# EXERCISE DATA

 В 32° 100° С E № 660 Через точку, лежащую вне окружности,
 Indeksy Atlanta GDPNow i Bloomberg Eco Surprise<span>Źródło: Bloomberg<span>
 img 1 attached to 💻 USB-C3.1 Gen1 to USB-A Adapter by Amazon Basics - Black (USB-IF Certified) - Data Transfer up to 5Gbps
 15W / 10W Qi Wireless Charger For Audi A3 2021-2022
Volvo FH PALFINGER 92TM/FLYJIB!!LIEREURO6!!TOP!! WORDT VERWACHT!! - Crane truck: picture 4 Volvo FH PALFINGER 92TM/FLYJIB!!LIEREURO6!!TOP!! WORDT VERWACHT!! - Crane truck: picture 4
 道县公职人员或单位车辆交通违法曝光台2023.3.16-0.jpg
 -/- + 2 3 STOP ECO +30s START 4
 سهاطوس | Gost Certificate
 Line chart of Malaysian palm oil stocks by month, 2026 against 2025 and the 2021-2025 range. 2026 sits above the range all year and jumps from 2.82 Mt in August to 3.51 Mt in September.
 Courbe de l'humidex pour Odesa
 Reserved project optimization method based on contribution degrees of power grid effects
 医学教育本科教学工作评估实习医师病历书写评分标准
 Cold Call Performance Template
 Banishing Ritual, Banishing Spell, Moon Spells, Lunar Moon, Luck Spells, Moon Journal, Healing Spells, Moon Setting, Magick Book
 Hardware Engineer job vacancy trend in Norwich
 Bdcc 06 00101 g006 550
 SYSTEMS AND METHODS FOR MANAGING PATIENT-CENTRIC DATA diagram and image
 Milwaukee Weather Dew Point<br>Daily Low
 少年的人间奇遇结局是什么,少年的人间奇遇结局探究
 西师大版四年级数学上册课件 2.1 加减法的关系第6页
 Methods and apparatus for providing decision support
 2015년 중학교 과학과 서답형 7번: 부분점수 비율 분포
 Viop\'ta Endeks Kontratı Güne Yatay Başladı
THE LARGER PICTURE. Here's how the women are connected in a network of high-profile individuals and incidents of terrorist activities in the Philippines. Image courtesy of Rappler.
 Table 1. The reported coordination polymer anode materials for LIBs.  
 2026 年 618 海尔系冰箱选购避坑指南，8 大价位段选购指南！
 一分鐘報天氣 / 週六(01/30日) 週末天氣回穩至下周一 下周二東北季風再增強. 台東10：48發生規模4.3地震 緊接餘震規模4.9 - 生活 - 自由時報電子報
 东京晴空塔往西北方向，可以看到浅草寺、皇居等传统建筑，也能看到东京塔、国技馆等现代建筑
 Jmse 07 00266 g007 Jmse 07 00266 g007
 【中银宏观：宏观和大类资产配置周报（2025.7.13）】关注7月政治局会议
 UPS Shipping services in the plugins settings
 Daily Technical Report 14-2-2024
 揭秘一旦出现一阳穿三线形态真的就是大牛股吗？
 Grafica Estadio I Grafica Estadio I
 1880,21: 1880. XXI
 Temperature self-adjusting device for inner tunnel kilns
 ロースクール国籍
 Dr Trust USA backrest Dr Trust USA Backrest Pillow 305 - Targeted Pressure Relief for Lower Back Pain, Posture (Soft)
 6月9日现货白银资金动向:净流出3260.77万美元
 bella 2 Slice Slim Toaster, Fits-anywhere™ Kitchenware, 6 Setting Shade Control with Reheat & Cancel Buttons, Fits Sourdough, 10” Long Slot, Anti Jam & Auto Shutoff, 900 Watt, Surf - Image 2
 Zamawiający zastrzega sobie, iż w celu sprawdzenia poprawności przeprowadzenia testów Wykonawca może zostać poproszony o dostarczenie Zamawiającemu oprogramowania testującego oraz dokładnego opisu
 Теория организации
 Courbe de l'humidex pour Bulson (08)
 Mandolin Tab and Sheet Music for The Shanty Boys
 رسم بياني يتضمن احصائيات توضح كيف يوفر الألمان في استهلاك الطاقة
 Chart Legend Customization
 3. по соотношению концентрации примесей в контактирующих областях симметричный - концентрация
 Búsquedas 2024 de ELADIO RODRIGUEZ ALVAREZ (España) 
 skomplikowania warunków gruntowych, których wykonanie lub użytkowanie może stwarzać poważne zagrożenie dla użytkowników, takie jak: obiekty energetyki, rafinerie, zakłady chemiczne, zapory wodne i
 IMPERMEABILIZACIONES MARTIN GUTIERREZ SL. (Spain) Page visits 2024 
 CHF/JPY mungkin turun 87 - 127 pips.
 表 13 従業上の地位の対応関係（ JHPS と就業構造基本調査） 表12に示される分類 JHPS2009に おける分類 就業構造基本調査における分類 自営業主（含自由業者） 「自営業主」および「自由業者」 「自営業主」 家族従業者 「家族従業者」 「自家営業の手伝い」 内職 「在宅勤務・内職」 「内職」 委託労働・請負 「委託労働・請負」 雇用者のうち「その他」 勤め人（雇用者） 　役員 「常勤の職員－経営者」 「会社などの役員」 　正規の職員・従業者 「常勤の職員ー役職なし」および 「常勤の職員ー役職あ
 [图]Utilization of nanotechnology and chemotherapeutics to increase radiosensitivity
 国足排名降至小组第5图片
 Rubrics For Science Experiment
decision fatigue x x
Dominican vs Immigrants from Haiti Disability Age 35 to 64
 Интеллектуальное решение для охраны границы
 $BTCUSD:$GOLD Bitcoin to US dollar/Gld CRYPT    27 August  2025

# EXERCISE AIM
Please copy only the lines between the first line of the entries and the line with "سهاطوس | Gost Certificate", keeping those two end lines as well, exactly as written.

# EXERCISE ANSWER
 В 32° 100° С E № 660 Через точку, лежащую вне окружности,
 Indeksy Atlanta GDPNow i Bloomberg Eco Surprise<span>Źródło: Bloomberg<span>
 img 1 attached to 💻 USB-C3.1 Gen1 to USB-A Adapter by Amazon Basics - Black (USB-IF Certified) - Data Transfer up to 5Gbps
 15W / 10W Qi Wireless Charger For Audi A3 2021-2022
Volvo FH PALFINGER 92TM/FLYJIB!!LIEREURO6!!TOP!! WORDT VERWACHT!! - Crane truck: picture 4 Volvo FH PALFINGER 92TM/FLYJIB!!LIEREURO6!!TOP!! WORDT VERWACHT!! - Crane truck: picture 4
 道县公职人员或单位车辆交通违法曝光台2023.3.16-0.jpg
 -/- + 2 3 STOP ECO +30s START 4
 سهاطوس | Gost Certificate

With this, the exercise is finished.